General · 1st February 2009
Wendy Gardener
Tap
Tiny, percussive pulses,
Blowing by molecules of moisture and Siamese gases,
That are left trembling slightly.
Tap
Our compulsion is to atomize the world and our own existence,
Blind to the anonymity of, say, a wave, in perfect curl, disappearing
into itself.
We see the individual particles of spray.
The thing defined.
Tap
My son, amused at suddenly understanding that
Sight is a trick of light after all.
Just as the sky appears to be wide open,
Or a door solid, only because we are too large to pass between
its atoms.
It’s all a matter of perspective.
And that interesting word, wave.
Well, what wave?
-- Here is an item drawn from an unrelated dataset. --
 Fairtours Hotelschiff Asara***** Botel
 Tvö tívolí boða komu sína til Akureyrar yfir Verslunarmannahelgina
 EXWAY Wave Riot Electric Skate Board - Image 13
Which wave? They’re suddenly everywhere
and everything.
“What can walk on water?” my son asks.
“Insects,” I reply.
“No. Real animals, “ he persists.
“Something,” I say. “Something.”
Theories
Comment by Erik Muller on 20th August 2011
This poem says something about perception that I like very much. We often anatomize or atomize or pigeon-hole items of experience. Indeed, we are so big & clumsy that we cannot walk through doors! We could be subtle and flowing on more occasions, and we could refuse the easier names, be silent awhile, and perhaps then language, in its own wave motion, might come back more subtly than when we started. We could move as deftly as water-striders!
Comment on THEORIES
Comment by Erik Muller on 4th February 2009
I like the physics behind this lyric poem; and the inclusion at the end of another voice, as if to imply there are lots of theories! Thank you!